В конце тридцатых годов внимание общественности привлекла книга Адольфа Бохеньского о положении Польши, которая, по его мнению, находилась как бы между молотом и наковальней, т. е. между Германией и Россией. Станислав Мацкевич считал эту книгу блестящим анализом международного положения Польши, которая достойна стоять в одном ряду с написанной еще до Первой мировой войны работой на ту же тему Романа Дмовского и Владислава Студницкого. Бохеньский в своей книге приходил к несколько иным, чем в свое время Дмовский, выводам. Проведя математически точный, я бы даже сказал — маккиавелевский анализ польского международного положения, он приходил к выводу, что обеспечение безопасности и процветания Польши как суверенного государства можно достичь лишь имея дружеские, основанные на взаимном уважении, отношения с Германией. Правда, сколько можно было понять из бесед с Адамом Гейделем,[63] после войны Бохеньский круто изменил свои взгляды.
Бохеньский принадлежал к тому поколению поляков, которое, родившись еще до образования независимой Польши, вышло в большую жизнь уже после майского переворота 1926 года.
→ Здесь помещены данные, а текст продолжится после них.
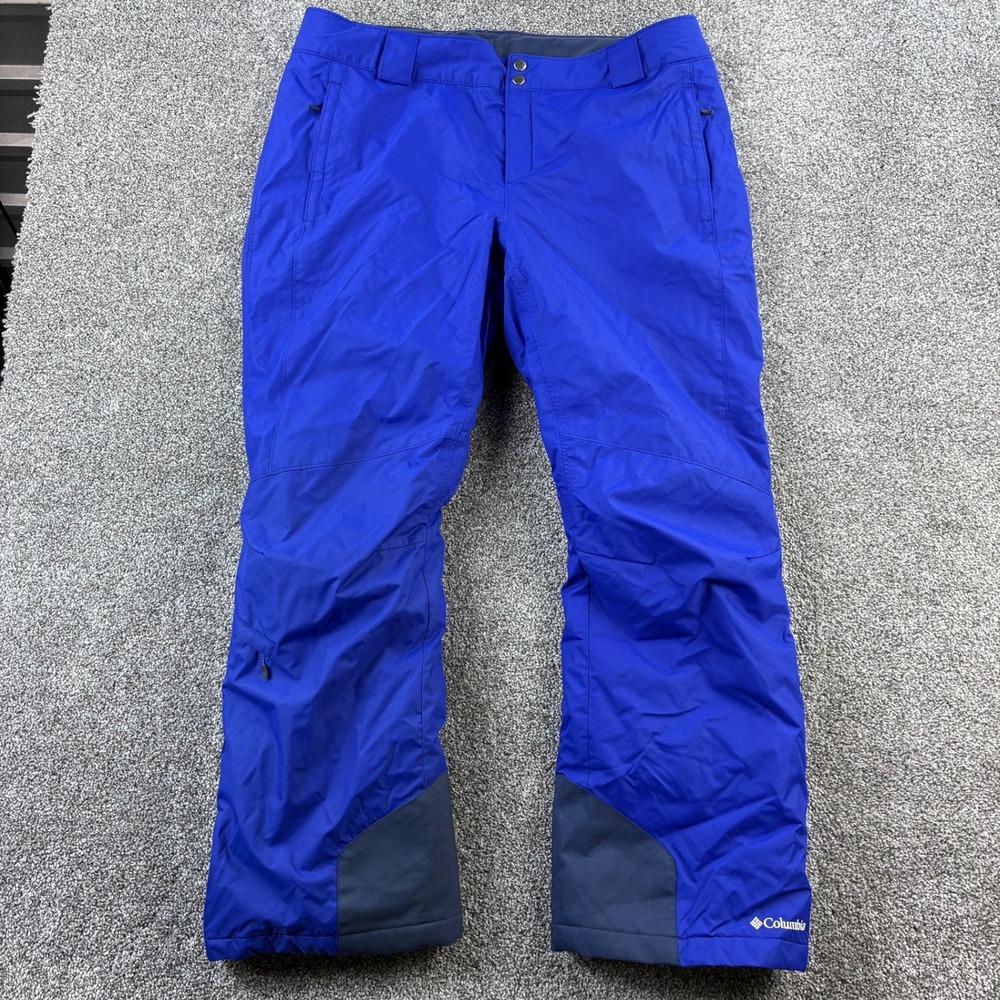 Columbia Bugaboo Snow Pants Women's XL Blue Ski Snowboard Omni‎ Heat Insulated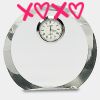 [CRY169] 4.5" Round Crystal Clock Thumbnail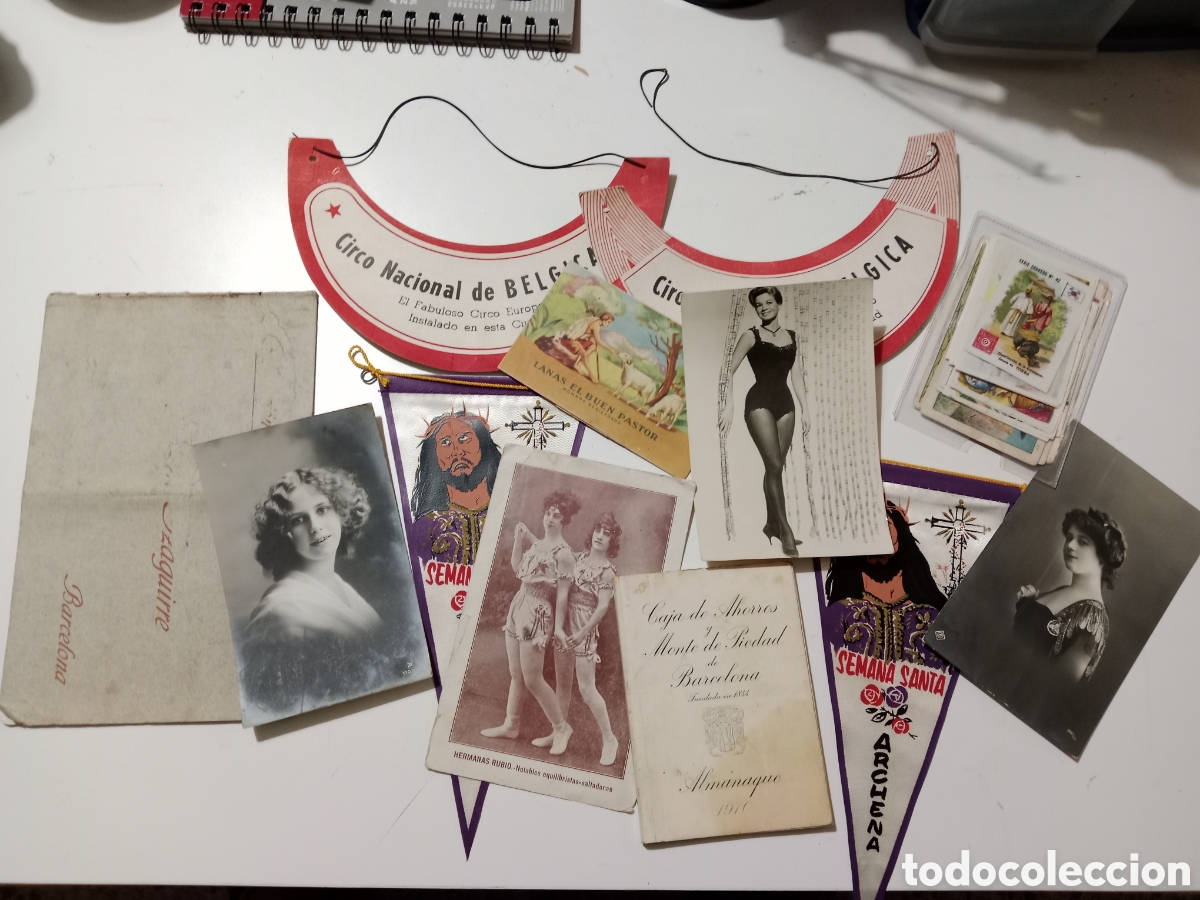 Otros art&iacute;culos de coleccionismo en papel: LOTE DE POSTALES,CROMOS ..ETC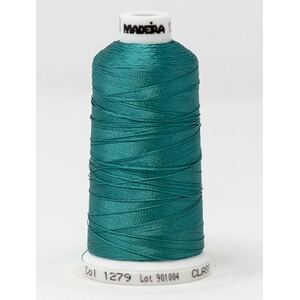 Madeira Classic Rayon 40, #1279 TROPICAL TEAL 1000m Embroidery Thread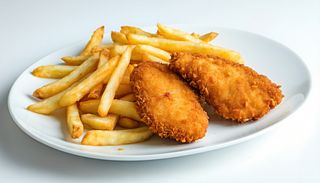 2x Snitel de porc pane cu cartofi prajiti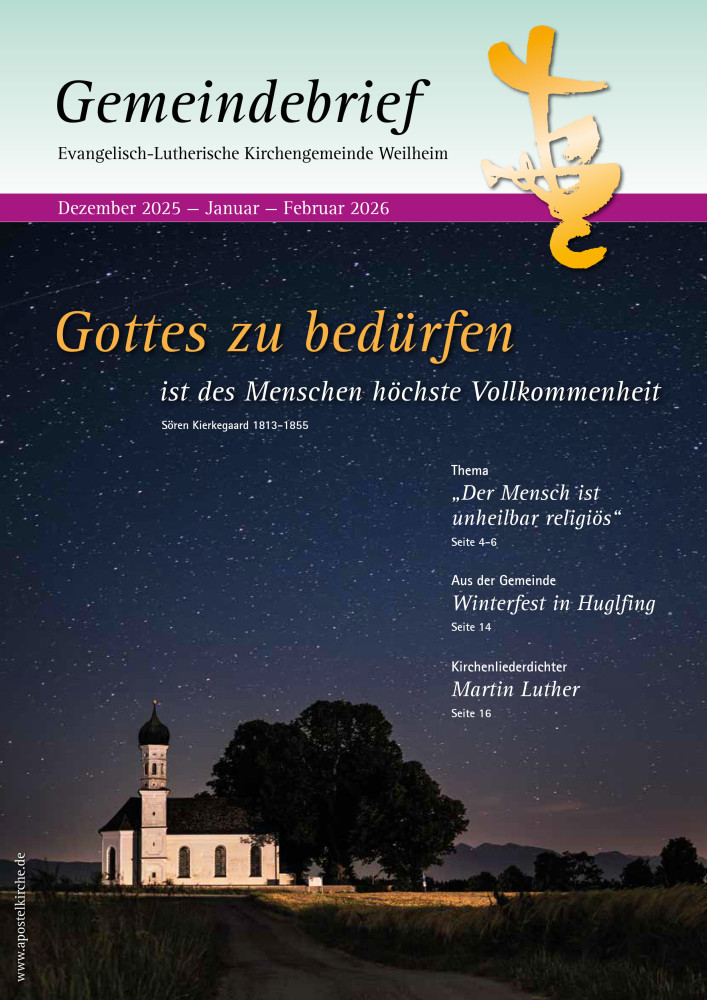 Gemeindebrief 2025_4 Cover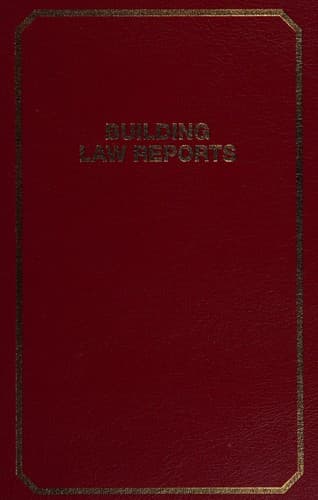Tapa de Building law reports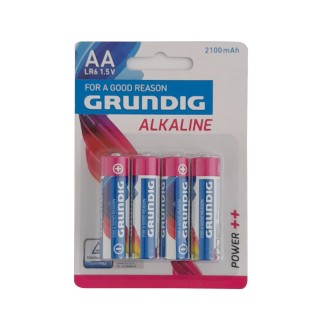 GRUN-ALKLR6/4  ΑΛΚΑΛΙΚΗ ΜΠΑΤΑΡΙΑ GRUNDIG  LR6 / AA GRUN-ALKLR6/4  ΑΛΚΑΛΙΚΗ ΜΠΑΤΑΡΙΑ GRUNDIG  LR6 / AA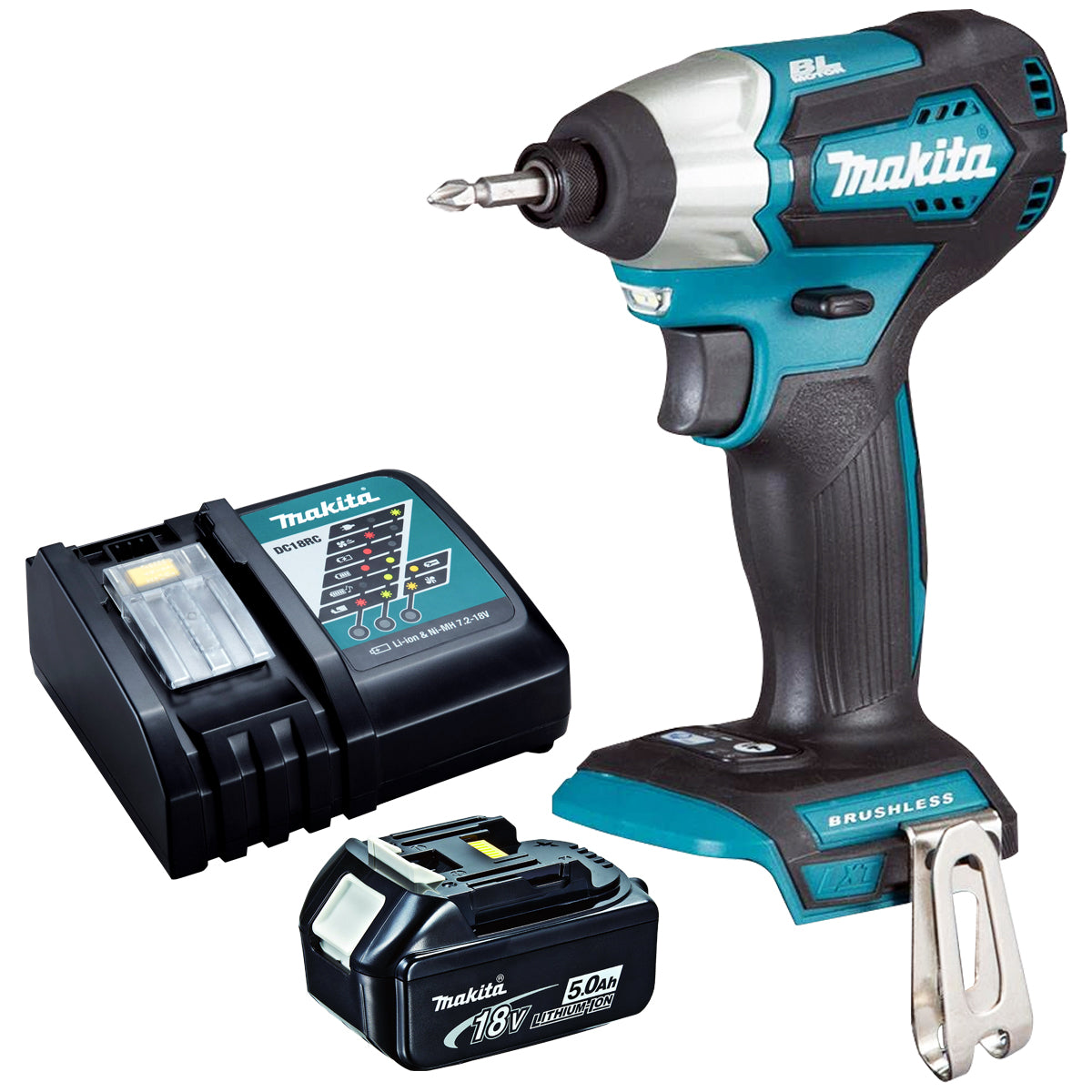 Makita DTD155Z 18V LXT Brushless Impact Driver with 1 x 5.0Ah Battery & Charger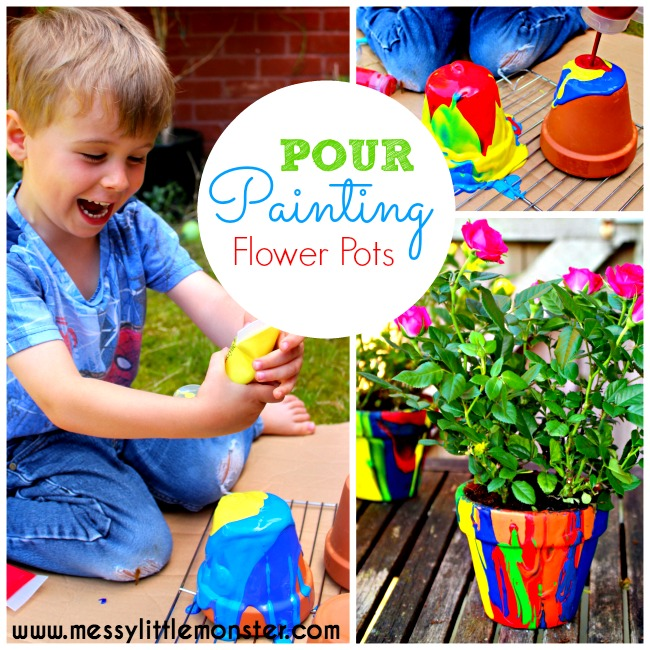 Pour Painting Flower Pots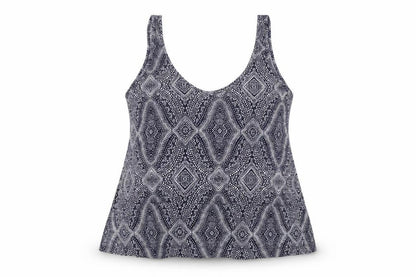 Womens UK Size L H&M Blue Basic Tank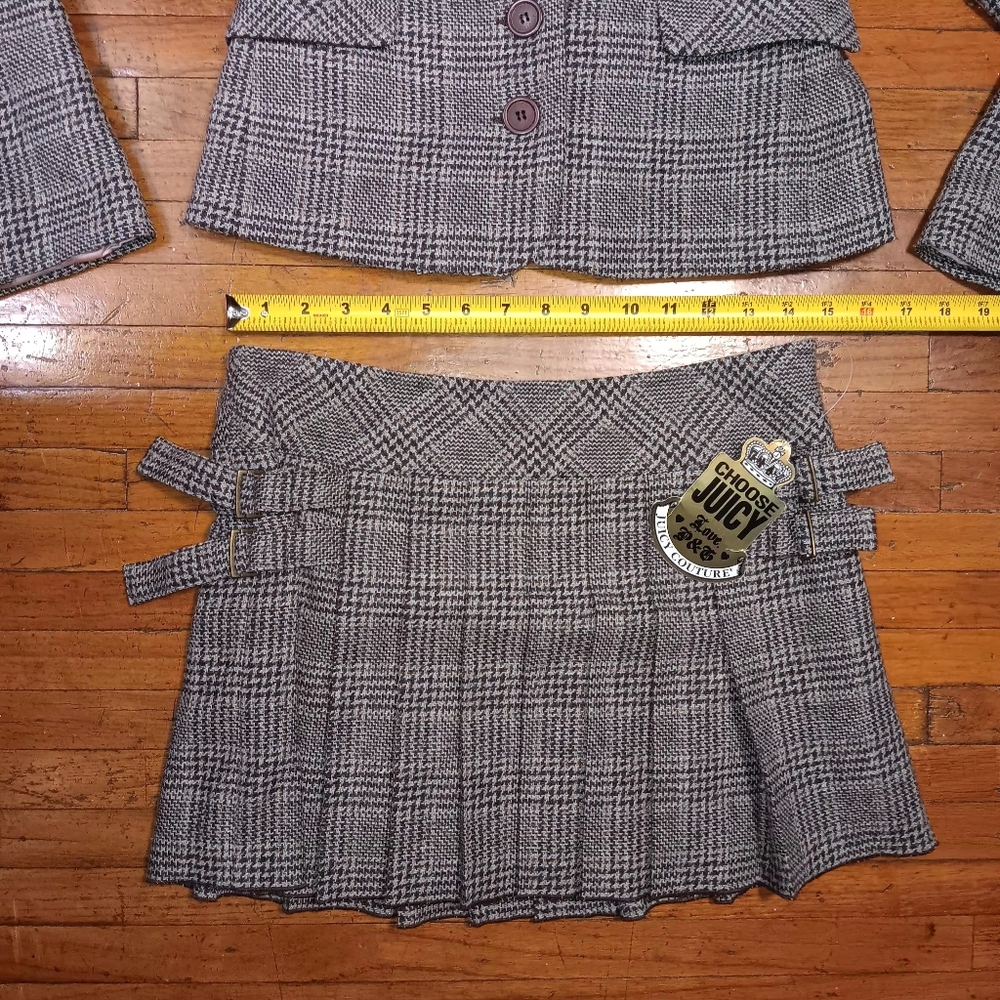 Juicy Couture Vintage Plaid Blazer and Skirt Set - Picture 6 of 9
Его можно было назвать мозгом издававшихся Ежи Гедройцем и очень популярных в тридцатых годах журналов «Бунт молодых» и «Политика». Я к приверженцам, или, скорее, к клубу этих журналов не принадлежал, мне был чужд их консерватизм, но мне нравилась их идея сделать польскую внешнюю политику более гибкой и их высокий интеллектуальный потенциал. Меня познакомили с Адольфом, и он часто впоследствии навещал меня в Вильно. Когда началась война, Адольф был в Париже, там же, во Франции, он закончил школу подхорунжих и ушел воевать, участвовал в битвах под Нарвиком и Тобруком и даже получил орден Virtuti Militari за уничтожение неприятельского наблюдательного пункта. Этот интеллектуал стал замечательным солдатом, показывавшим пример личной доблести целой бригаде.
62
Речь идет о готовившейся западными союзниками высадке десанта в Италии и открытии второго фронта в Европе.
63
Имеется в виду Адам Гейдель, профессор экономики Ягелонского университета в Кракове. Он был в тесной дружбе с Дмовским. (Прим. автора.)